O embrião e o feto não têm, evidentemente, nenhuma palavra a dizer.

E não é disso rigorosamente – a protecção dos mais fracos e indefesos – de que trata, ou deve tratar, em primeira linha uma constituição?

“Algo vai podre no reino da Dinamarca.” !

E no outro lado da linha da vida, a par desta controvérsia, no meio do caos das urgências obstétricas, do colapso anunciado do SNS e em pleno e mal disfarçado fiasco inflacionário, o parlamento português não tinha mais nada para debater (pela terceira vez) do que a morte medicamente induzida e assistida dos adultos?

Não tinha, pelos vistos.

E pergunta-se: quantas mais vidas humanas serão reivindicadas (aqui na fragilidade da sua idade e/ou da sua doença e/ou do seu abandono e/ou do seu descarte) pela violência intrínseca destes projectos?

Sob o pretexto falacioso de uma “decisão da própria pessoa, maior, cuja vontade seja actual e reiterada, séria, livre e esclarecida”, pura e simplesmente mobiliza-se a morte.

Num caso e no outro, a morte dos mais fracos, indefesos e desprotegidos é autorizada e praticada ou ajudada por profissionais de saúde.

Tudo isto, forçosamente, tem de transportar-nos, moralmente, para outro cenário.

O cenário da guerra na Ucrânia, onde a morte, lamentável e criminosamente, a morte de milhares de inocentes, foi autorizada e é praticada e mobilizada, diariamente, pela vontade injustificada, injustificável, cega e tirânica dos dirigentes russos.

Também aí, na Ucrânia, como no direito internacional, pelos vistos, campeia a “lei do mais forte”. Porque sim.

Para os dirigentes russos, a Ucrânia nunca foi, não é, nem nunca poderá ser um país soberano e independente.

Para os russos, evidentemente, os ucranianos são menos pessoas dos que os russos.

Se calhar, nem são pessoas.

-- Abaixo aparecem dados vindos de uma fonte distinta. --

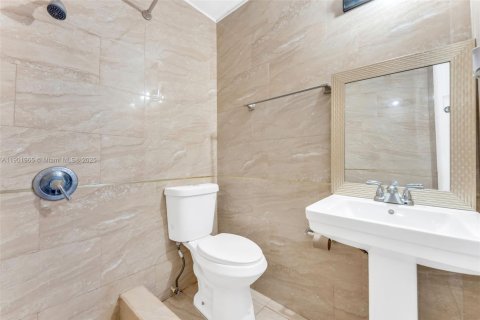 Casa en venta en Hallandale Beach, Florida, 4 dormitorios, 136.75 m2 № 1968553 - foto 18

Como os fetos e os embriões humanos.

Morrem sempre muitas pessoas, demasiadas pessoas, pela hipocrisia, cobardia e desonestidade de outras.

Quando lavamos as mãos dos problemas.

Quando cedemos nos princípios e nos valores.

Na representação repetida da tragédia humana: não querer ver o outro.

O passo absolutamente ao lado.

A expressão da doença humana mais perigosa, mais progressiva e parece hoje que incurável e irreversível, a pandemia moral.

Uma praga assustadoramente mortal.

Andam muito enganados os que supõem que o mal objectivo tem graus, que há males menores.

Não tem, não há.

Há o mal, ponto final.

Um só mal.

Da brutalidade abjecta da invasão da Ucrânia à discussão semântica sobre a vida.